◆ **Task item**
Return exactly the lines below, starting with the one that has "22 April 2026, Berlin: Carsten" and going on through the one that has "Np Spaccanapoli Naples".

◆ **Dataset extract**
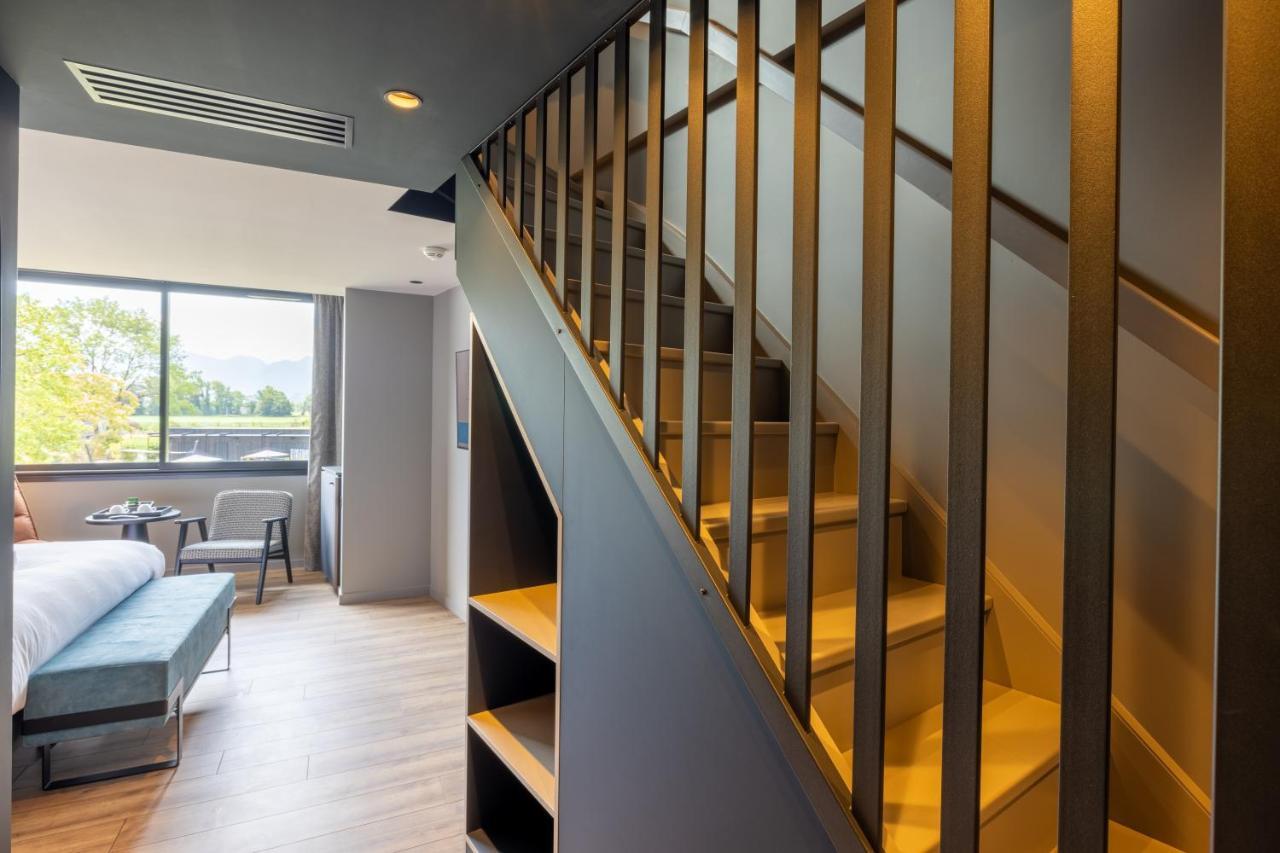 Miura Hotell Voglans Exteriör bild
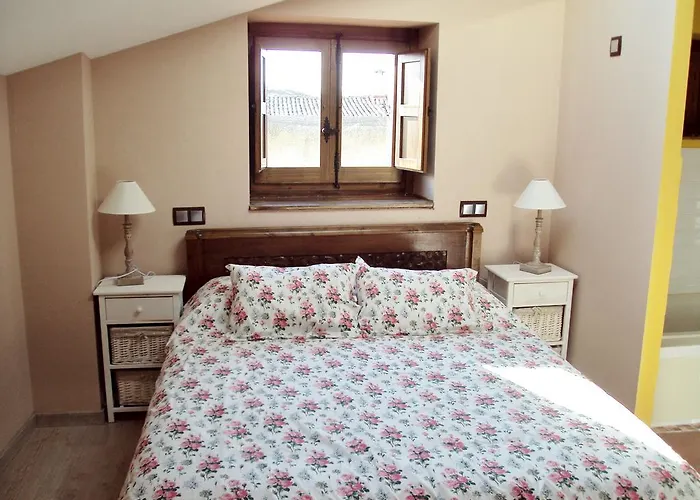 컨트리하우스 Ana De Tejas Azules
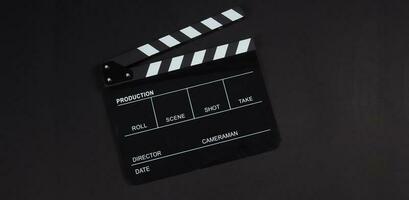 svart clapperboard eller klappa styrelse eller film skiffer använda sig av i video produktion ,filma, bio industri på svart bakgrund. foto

--

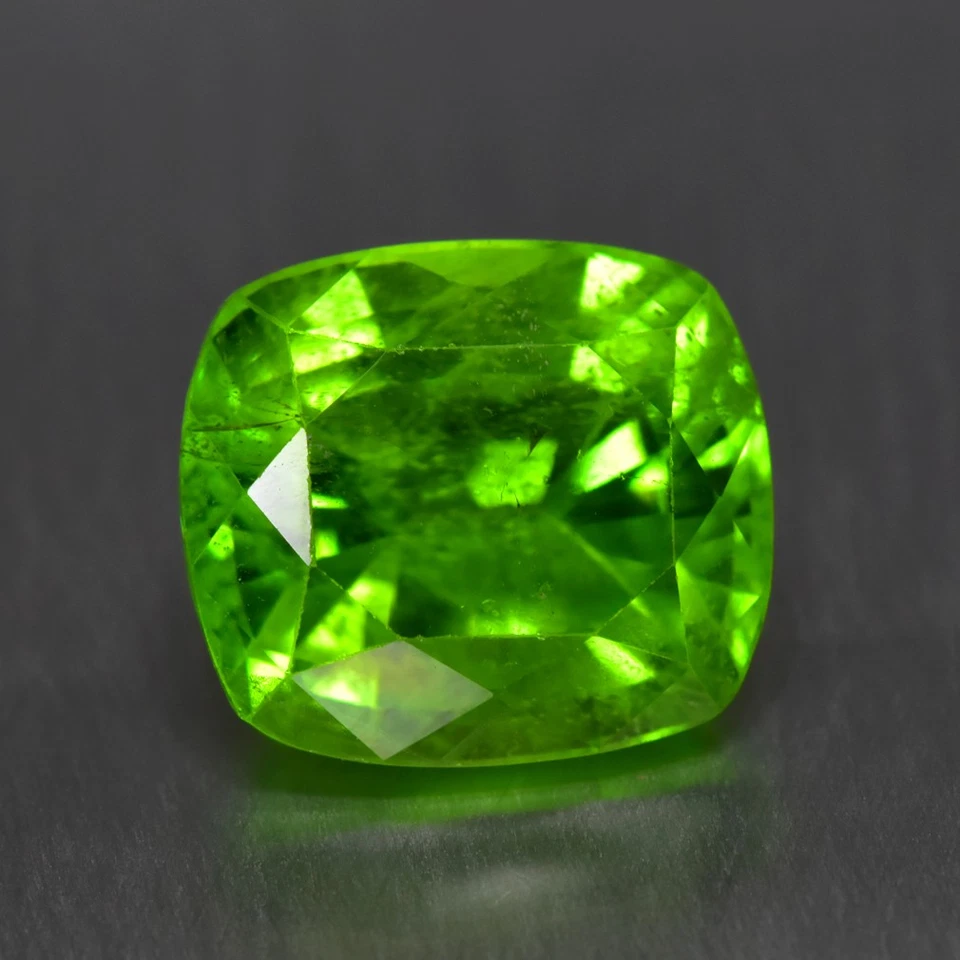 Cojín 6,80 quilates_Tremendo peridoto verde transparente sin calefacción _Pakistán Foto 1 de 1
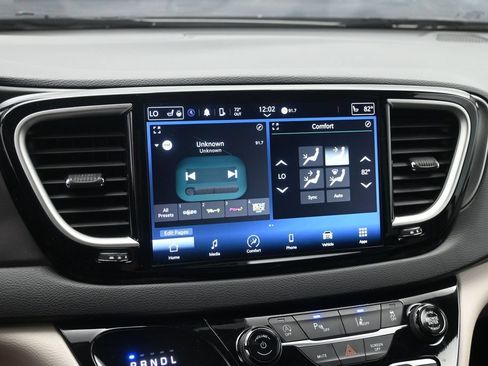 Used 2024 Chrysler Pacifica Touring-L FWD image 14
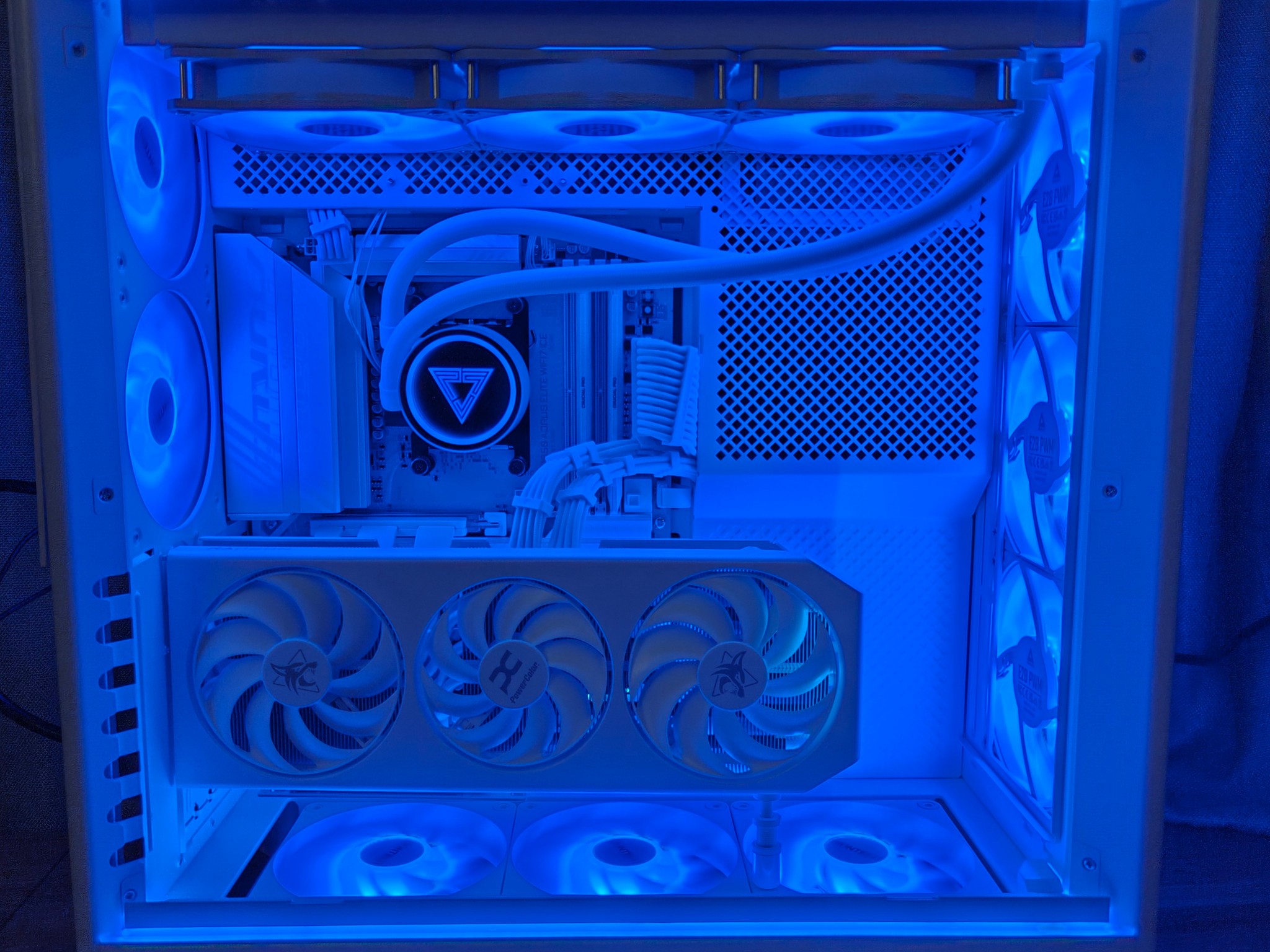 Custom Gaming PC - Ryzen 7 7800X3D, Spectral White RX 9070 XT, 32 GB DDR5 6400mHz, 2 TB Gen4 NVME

---

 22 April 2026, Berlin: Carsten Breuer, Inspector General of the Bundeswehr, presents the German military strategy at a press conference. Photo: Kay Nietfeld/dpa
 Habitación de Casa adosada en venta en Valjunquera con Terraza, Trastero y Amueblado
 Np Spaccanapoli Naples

◆ **Solution to the problem**
 22 April 2026, Berlin: Carsten Breuer, Inspector General of the Bundeswehr, presents the German military strategy at a press conference. Photo: Kay Nietfeld/dpa
 Habitación de Casa adosada en venta en Valjunquera con Terraza, Trastero y Amueblado
 Np Spaccanapoli Naples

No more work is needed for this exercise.